One of the stranger elements of the rise of the tea party movement has been its odd mix of politics and money-making schemes. Take the Tea Party Patriots, a national umbrella group that claims to represent more than 15 million activists nationwide. Last week, TPP launched a series of TV ads in Kentucky encouraging voters to put “Tea Party Patriots” signs in their yards before the election. The ads are part of a new push by the TPP to get tea partiers to the polls in November. The group hopes to install 1 million TPP signs on lawns across the country before the election in an effort to “increase the visibility of the tea party movement,” according to a press release.
The timing and placement of the ads and the campaign kickoff is interesting, though, given that Kentucky is also home to Rand Paul, one of the tea party’s biggest stars. Paul is running for the senate as a Republican. TPP is a nonprofit, and as such, it can’t endorse candidates specifically, but it can put generic tea party signs on lawns across the state that might be interpreted as supporting Paul. Sally Oljar, a Tea Party Patriots national coordinator in Seattle, insists that the campaign wasn’t done with Paul in mind. “Our goal is of course to leave no stone unturned in our get out the vote campaign,” she says, but notes that it was “not our inention to affect Paul’s campaign.” Oljar says that the idea for the campaign came from the yard sign company itself and that TPP “decided this would be a good way to raise our profile.”
The sign-maker in question is the Spalding Group, a Kentucky-based firm that bills itself as “the Republican source for web, print and design,” and boasts that it has supplied signs and other paraphenalia (all of it made-in-America) to the past six Republican presidential campaigns. The company was founded by Ted Jackson, a former Reagan administration official who has been involved in Republican politics for 25 years. Spalding hosts TPP’s online store, where tea party activists can load up on various “Don’t tread on me” t-shirts and other TPP merchandise, including yard signs, which run for $8.95 a piece (and include a bumper sticker and political button with each purchase). Spalding paid for the TV ads TPP ran in Kentucky.
The TPP yard-sign marketing effort isn’t the first time that Jackson has run a “million” campaign for a candidate or group. In 2008, he gave away a million “NOBAMA” bumper stickers as part of a plug for Spalding’s online store for John McCain in response to the liberal group MoveOn.org’s pro-Obama bumper sticker giveaway. In 2005, Spalding gave away 1 million bumper stickers for its anti-gay marriage client Alliance for Marriage. Explaining the giveaway, Jackson said at the time, “It is difficult to create a grass-roots movement without materials that allow people to publicly identify with the issue,” a comment that sounds pretty much like what he says about his company’s work with TPP.

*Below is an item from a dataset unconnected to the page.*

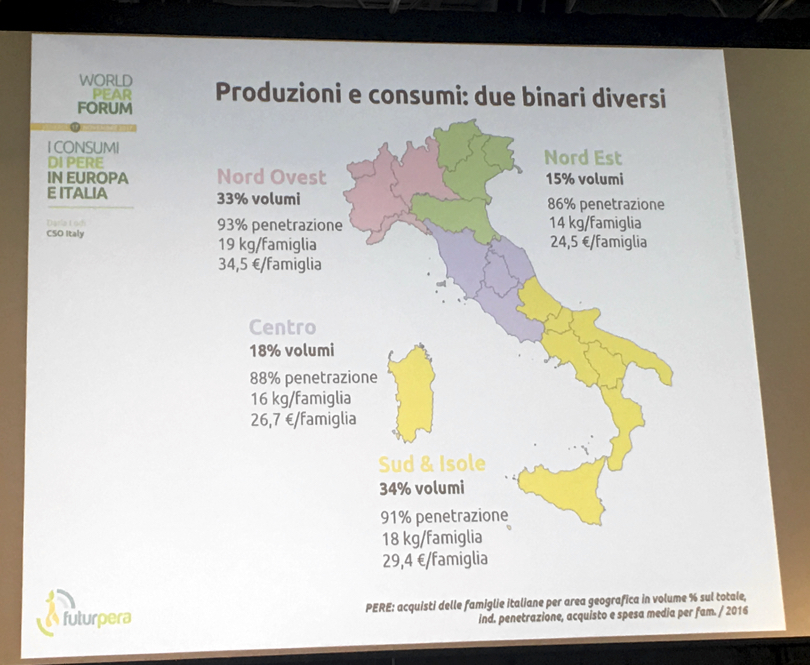 PenetrazioneConsumiPereItalia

As for whether the yard sign effort is a sneaky way to campaign for Rand Paul, Jackson says the reason his firm launched the tea party ads in Kentucky was a simple one: “That’s where we are.” Of course, he recognizes the potential boost the tea party signs might offer to Paul.
“I think if somebody’s putting a tea party sign in their yard that’s very likely a vote for Rand Paul,” he says. Jackson’s firm actually worked for Paul’s opponent, Jackson’s “good friend” Trey Grayson in the GOP primary. But now that Paul is the Repubilcan nominee, Jackson plans to vote for him. Meanwhile, he says, the TPP ads, which only ran for a few days last week, were so successful that his company is planning to expand them to other markets in Florida, Ohio, and California.
Jackson isn’t just helping TPP out of the goodness of his heart (which he acknowledges). He would like the TPP store to corner the market on tea party gear, which is now sold in a host of different places. He thinks tea party activists need a central shopping site online. It’s a potentially lucrative business. If the company’s television advertising succeeds in getting tea partiers to buy a million signs, that translates into $8 or $9 million in business for his company and a nice chunk of change for the Tea Party Patriots, which receives some of the proceeds. (Neither Jackson nor Oljar would divulge what the TPP percentage is on the store sales, but Jackson says “it’s significant.”) The potential fundaising doesn’t quite put TPP in the league of FreedomWorks, the group led by former House Minority Leader Dick Armey and funded by corporate donations, but it’s not bad for a barely year-old group that claims to be a grassroots organization. And who knows? All those yard signs might just help get Rand Paul elected to the U.S. Senate.